Dès lors, l’ordonnance querellée devra être infirmée en ce qu’elle a rejeté la créance déclarée par M. et Mme [A], le 17 mars 2016, au redressement judiciaire de la SA Avenir Télécom.
Il y a lieu par conséquent de renvoyer M et Mme [A] à saisir le juge compétent afin que soit tranchée la contestation soulevée portant, d’une part, sur la recevabilité de l’action indemnitaire engagée par les époux [A] à l’encontre de la SA Avenir Télécom et, d’autre part, en cas de recevabilité de l’action, sur l’obligation à réparation de la société Avenir Télécom du préjudice financier, subi par les époux [A] du fait de ses agissements prétendument fautifs commis à l’occasion des opérations d’apports réciproques intervenues entre la société Avenir Télécom et la société CIG Holding courant 2015 ; dans l’attente de la décision, le sursis à statuer sera ordonné.

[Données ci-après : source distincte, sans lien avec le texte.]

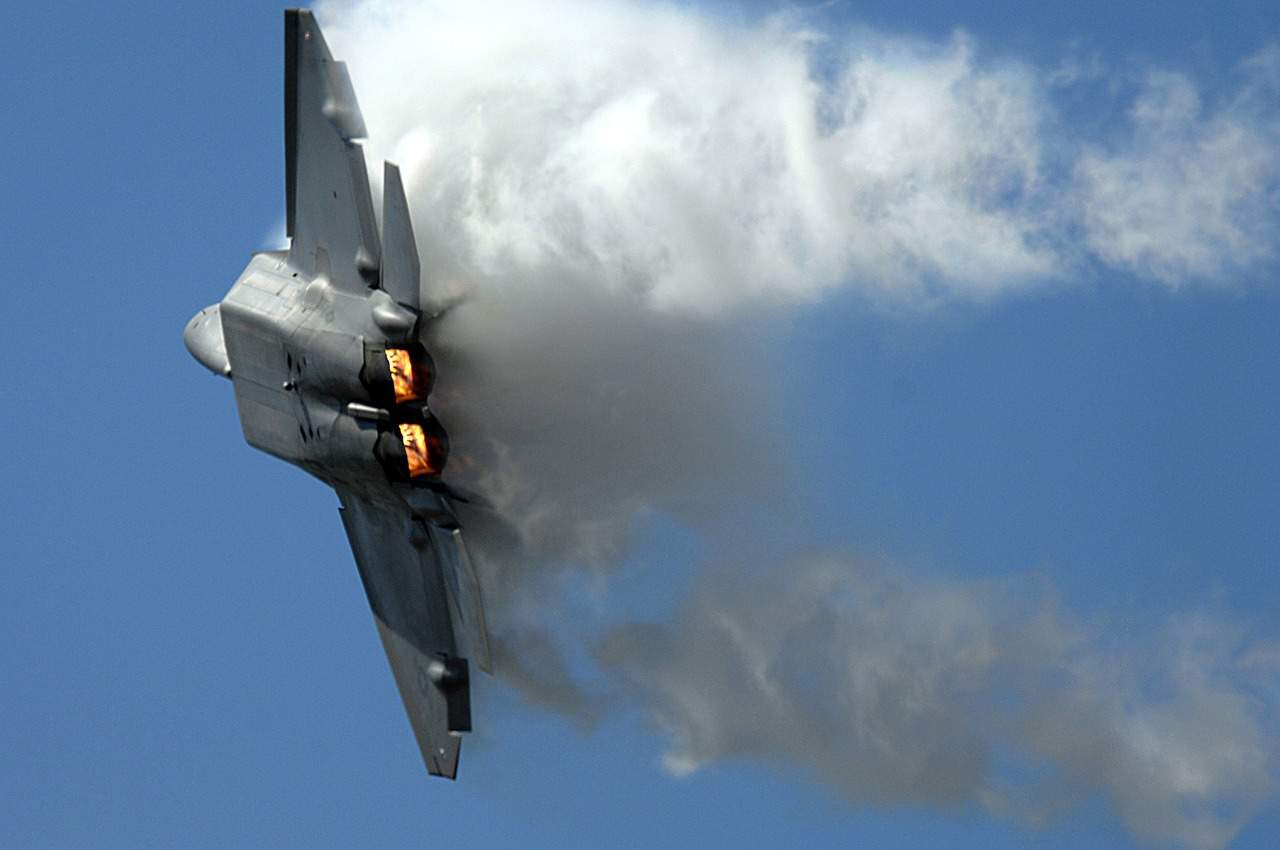 F22 Raptor in a steep banked turn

Les demandes au titre de l’article 700 du code de procédure civile et des dépens seront réservés.
PAR CES MOTIFS
La cour, statuant publiquement, par arrêt rendu par défaut, mis à disposition au greffe,
Déclare recevable la fin de non recevoir tirée de l’irrecevabilité de l’action des époux [A] soulevée par la SA Avenir Télécom ;
Dit que la contestation soulevée excède le pouvoir juridictionnel du juge commissaire saisi en matière de contestation de créance et de la cour d’appel par voie de conséquence ;
Infirme, par conséquent, l’ordonnance rendue le 4 juin 2019 par le juge commissaire du tribunal de commerce de Marseille en ce qu’elle a rejeté la créance déclarée par M. et Mme [A] le 17 mars 2016 pour la somme de 406 000 euros au titre de leur préjudice financier.

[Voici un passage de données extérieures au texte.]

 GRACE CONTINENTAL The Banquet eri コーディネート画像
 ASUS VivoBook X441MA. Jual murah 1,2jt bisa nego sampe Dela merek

Statuant à nouveau et y ajoutant,
Invite Mme [Y] [B] épouse [A] et M. [P] [A] à saisir le juge compétent dans le délai d’un mois visé à l’article R 624-5 du code de commerce, à peine de forclusion, afin que soit tranchée la contestation portant sur la recevabilité de l’action engagée par les époux [A] à l’encontre de la SA Avenir Télécom d’une part, et en cas de recevabilité de l’action, sur l’obligation à réparation de la société Avenir Télécom du préjudice financier subi par les époux [A] du fait de ses agissements prétendument fautifs commis à l’occasion des opérations d’apports réciproques intervenues entre la SA Avenir Télécom et la société CIG Holding courant 2015, d’autre part ;
Ordonne le sursis à statuer dans l’attente de la décision définitive à intervenir ;
Réserve les demandes au titre de l’article 700 du code de procédure civile et des dépens.
Renvoie l’affaire à l’audience du 7 mars 2024 à 8h40 afin que les appelants justifient à l’audience de la saisine du juge compétent pour trancher la contestation, et dit qu’à défaut par eux de l’avoir fait, l’ordonnance du juge commissaire sera confirmée.